Work instructions →
Could every line of the data be printed exactly as it reads?

Data supplied →
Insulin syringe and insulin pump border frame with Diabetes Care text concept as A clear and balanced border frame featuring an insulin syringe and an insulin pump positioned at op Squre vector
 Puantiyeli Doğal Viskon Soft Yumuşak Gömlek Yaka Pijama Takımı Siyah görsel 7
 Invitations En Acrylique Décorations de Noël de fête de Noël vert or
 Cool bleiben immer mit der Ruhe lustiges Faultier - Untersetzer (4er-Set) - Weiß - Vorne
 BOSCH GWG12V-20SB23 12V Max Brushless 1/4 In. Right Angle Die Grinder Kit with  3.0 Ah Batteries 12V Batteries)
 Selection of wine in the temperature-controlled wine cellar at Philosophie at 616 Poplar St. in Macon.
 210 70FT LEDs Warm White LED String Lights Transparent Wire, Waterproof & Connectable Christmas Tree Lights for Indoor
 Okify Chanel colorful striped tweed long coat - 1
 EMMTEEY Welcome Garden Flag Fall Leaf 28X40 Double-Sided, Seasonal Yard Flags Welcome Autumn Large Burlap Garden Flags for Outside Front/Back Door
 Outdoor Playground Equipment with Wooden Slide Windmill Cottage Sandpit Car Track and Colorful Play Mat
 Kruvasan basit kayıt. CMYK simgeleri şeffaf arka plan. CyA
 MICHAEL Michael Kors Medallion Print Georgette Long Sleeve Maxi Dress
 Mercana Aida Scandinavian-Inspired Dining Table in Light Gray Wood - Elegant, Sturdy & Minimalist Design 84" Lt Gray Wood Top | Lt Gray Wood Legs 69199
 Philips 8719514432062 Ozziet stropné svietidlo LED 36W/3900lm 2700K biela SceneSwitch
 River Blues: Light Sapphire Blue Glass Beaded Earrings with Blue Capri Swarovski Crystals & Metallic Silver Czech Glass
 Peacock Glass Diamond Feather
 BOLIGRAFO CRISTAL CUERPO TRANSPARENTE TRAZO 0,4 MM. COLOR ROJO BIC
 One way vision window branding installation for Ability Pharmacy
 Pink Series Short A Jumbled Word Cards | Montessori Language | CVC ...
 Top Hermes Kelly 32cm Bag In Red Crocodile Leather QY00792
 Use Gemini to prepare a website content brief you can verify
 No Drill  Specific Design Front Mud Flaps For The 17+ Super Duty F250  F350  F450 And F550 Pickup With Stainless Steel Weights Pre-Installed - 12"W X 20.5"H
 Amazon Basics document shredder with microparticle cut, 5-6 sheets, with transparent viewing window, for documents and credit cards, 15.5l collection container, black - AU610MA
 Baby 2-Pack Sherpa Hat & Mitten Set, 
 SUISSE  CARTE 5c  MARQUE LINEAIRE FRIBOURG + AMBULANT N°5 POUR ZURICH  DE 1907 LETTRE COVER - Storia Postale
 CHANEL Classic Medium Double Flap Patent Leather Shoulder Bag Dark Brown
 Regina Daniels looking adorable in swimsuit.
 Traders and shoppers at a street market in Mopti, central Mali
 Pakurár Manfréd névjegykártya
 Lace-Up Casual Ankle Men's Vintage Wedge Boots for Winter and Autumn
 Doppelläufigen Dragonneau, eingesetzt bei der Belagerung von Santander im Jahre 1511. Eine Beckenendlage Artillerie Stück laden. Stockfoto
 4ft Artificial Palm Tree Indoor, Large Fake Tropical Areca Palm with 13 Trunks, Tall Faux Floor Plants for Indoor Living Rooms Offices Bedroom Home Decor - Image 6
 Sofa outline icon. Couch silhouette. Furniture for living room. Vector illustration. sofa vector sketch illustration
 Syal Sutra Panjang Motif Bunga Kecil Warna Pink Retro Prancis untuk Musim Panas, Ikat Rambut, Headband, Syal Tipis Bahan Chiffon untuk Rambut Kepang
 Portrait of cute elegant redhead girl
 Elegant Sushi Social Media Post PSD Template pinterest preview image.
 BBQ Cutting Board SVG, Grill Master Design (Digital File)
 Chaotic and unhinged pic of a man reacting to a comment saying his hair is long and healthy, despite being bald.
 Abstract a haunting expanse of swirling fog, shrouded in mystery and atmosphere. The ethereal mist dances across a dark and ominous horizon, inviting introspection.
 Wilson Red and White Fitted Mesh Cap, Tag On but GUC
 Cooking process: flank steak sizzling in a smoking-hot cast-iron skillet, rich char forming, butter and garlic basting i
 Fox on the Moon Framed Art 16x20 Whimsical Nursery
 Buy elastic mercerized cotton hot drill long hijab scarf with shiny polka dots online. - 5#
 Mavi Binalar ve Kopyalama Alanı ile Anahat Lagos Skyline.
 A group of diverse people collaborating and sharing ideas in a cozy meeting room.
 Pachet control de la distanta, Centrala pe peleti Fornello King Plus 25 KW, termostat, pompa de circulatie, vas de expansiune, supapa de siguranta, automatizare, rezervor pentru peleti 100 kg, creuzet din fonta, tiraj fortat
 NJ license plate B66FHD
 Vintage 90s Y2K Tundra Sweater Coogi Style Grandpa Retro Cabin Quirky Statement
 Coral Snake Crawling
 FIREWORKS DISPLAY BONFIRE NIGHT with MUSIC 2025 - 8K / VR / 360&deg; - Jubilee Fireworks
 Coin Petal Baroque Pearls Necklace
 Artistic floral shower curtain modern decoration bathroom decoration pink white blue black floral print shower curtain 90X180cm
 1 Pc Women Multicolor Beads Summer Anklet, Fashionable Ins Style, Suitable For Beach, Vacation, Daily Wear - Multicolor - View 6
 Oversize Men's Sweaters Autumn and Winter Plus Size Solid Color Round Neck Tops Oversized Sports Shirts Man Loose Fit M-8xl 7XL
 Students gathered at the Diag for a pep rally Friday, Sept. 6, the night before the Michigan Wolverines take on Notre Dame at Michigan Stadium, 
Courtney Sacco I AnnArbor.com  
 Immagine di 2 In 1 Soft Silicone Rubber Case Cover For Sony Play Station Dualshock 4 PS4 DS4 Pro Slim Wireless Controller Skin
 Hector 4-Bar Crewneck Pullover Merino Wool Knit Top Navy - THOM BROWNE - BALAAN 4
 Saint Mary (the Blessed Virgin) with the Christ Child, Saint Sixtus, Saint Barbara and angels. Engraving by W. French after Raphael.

Answer to the problem →
Insulin syringe and insulin pump border frame with Diabetes Care text concept as A clear and balanced border frame featuring an insulin syringe and an insulin pump positioned at op Squre vector
 Puantiyeli Doğal Viskon Soft Yumuşak Gömlek Yaka Pijama Takımı Siyah görsel 7
 Invitations En Acrylique Décorations de Noël de fête de Noël vert or
 Cool bleiben immer mit der Ruhe lustiges Faultier - Untersetzer (4er-Set) - Weiß - Vorne
 BOSCH GWG12V-20SB23 12V Max Brushless 1/4 In. Right Angle Die Grinder Kit with  3.0 Ah Batteries 12V Batteries)
 Selection of wine in the temperature-controlled wine cellar at Philosophie at 616 Poplar St. in Macon.
 210 70FT LEDs Warm White LED String Lights Transparent Wire, Waterproof & Connectable Christmas Tree Lights for Indoor
 Okify Chanel colorful striped tweed long coat - 1
 EMMTEEY Welcome Garden Flag Fall Leaf 28X40 Double-Sided, Seasonal Yard Flags Welcome Autumn Large Burlap Garden Flags for Outside Front/Back Door
 Outdoor Playground Equipment with Wooden Slide Windmill Cottage Sandpit Car Track and Colorful Play Mat
 Kruvasan basit kayıt. CMYK simgeleri şeffaf arka plan. CyA
 MICHAEL Michael Kors Medallion Print Georgette Long Sleeve Maxi Dress
 Mercana Aida Scandinavian-Inspired Dining Table in Light Gray Wood - Elegant, Sturdy & Minimalist Design 84" Lt Gray Wood Top | Lt Gray Wood Legs 69199
 Philips 8719514432062 Ozziet stropné svietidlo LED 36W/3900lm 2700K biela SceneSwitch
 River Blues: Light Sapphire Blue Glass Beaded Earrings with Blue Capri Swarovski Crystals & Metallic Silver Czech Glass
 Peacock Glass Diamond Feather
 BOLIGRAFO CRISTAL CUERPO TRANSPARENTE TRAZO 0,4 MM. COLOR ROJO BIC
 One way vision window branding installation for Ability Pharmacy
 Pink Series Short A Jumbled Word Cards | Montessori Language | CVC ...
 Top Hermes Kelly 32cm Bag In Red Crocodile Leather QY00792
 Use Gemini to prepare a website content brief you can verify
 No Drill  Specific Design Front Mud Flaps For The 17+ Super Duty F250  F350  F450 And F550 Pickup With Stainless Steel Weights Pre-Installed - 12"W X 20.5"H
 Amazon Basics document shredder with microparticle cut, 5-6 sheets, with transparent viewing window, for documents and credit cards, 15.5l collection container, black - AU610MA
 Baby 2-Pack Sherpa Hat & Mitten Set, 
 SUISSE  CARTE 5c  MARQUE LINEAIRE FRIBOURG + AMBULANT N°5 POUR ZURICH  DE 1907 LETTRE COVER - Storia Postale
 CHANEL Classic Medium Double Flap Patent Leather Shoulder Bag Dark Brown
 Regina Daniels looking adorable in swimsuit.
 Traders and shoppers at a street market in Mopti, central Mali
 Pakurár Manfréd névjegykártya
 Lace-Up Casual Ankle Men's Vintage Wedge Boots for Winter and Autumn
 Doppelläufigen Dragonneau, eingesetzt bei der Belagerung von Santander im Jahre 1511. Eine Beckenendlage Artillerie Stück laden. Stockfoto
 4ft Artificial Palm Tree Indoor, Large Fake Tropical Areca Palm with 13 Trunks, Tall Faux Floor Plants for Indoor Living Rooms Offices Bedroom Home Decor - Image 6
 Sofa outline icon. Couch silhouette. Furniture for living room. Vector illustration. sofa vector sketch illustration
 Syal Sutra Panjang Motif Bunga Kecil Warna Pink Retro Prancis untuk Musim Panas, Ikat Rambut, Headband, Syal Tipis Bahan Chiffon untuk Rambut Kepang
 Portrait of cute elegant redhead girl
 Elegant Sushi Social Media Post PSD Template pinterest preview image.
 BBQ Cutting Board SVG, Grill Master Design (Digital File)
 Chaotic and unhinged pic of a man reacting to a comment saying his hair is long and healthy, despite being bald.
 Abstract a haunting expanse of swirling fog, shrouded in mystery and atmosphere. The ethereal mist dances across a dark and ominous horizon, inviting introspection.
 Wilson Red and White Fitted Mesh Cap, Tag On but GUC
 Cooking process: flank steak sizzling in a smoking-hot cast-iron skillet, rich char forming, butter and garlic basting i
 Fox on the Moon Framed Art 16x20 Whimsical Nursery
 Buy elastic mercerized cotton hot drill long hijab scarf with shiny polka dots online. - 5#
 Mavi Binalar ve Kopyalama Alanı ile Anahat Lagos Skyline.
 A group of diverse people collaborating and sharing ideas in a cozy meeting room.
 Pachet control de la distanta, Centrala pe peleti Fornello King Plus 25 KW, termostat, pompa de circulatie, vas de expansiune, supapa de siguranta, automatizare, rezervor pentru peleti 100 kg, creuzet din fonta, tiraj fortat
 NJ license plate B66FHD
 Vintage 90s Y2K Tundra Sweater Coogi Style Grandpa Retro Cabin Quirky Statement
 Coral Snake Crawling
 FIREWORKS DISPLAY BONFIRE NIGHT with MUSIC 2025 - 8K / VR / 360&deg; - Jubilee Fireworks
 Coin Petal Baroque Pearls Necklace
 Artistic floral shower curtain modern decoration bathroom decoration pink white blue black floral print shower curtain 90X180cm
 1 Pc Women Multicolor Beads Summer Anklet, Fashionable Ins Style, Suitable For Beach, Vacation, Daily Wear - Multicolor - View 6
 Oversize Men's Sweaters Autumn and Winter Plus Size Solid Color Round Neck Tops Oversized Sports Shirts Man Loose Fit M-8xl 7XL
 Students gathered at the Diag for a pep rally Friday, Sept. 6, the night before the Michigan Wolverines take on Notre Dame at Michigan Stadium, 
Courtney Sacco I AnnArbor.com  
 Immagine di 2 In 1 Soft Silicone Rubber Case Cover For Sony Play Station Dualshock 4 PS4 DS4 Pro Slim Wireless Controller Skin
 Hector 4-Bar Crewneck Pullover Merino Wool Knit Top Navy - THOM BROWNE - BALAAN 4
 Saint Mary (the Blessed Virgin) with the Christ Child, Saint Sixtus, Saint Barbara and angels. Engraving by W. French after Raphael.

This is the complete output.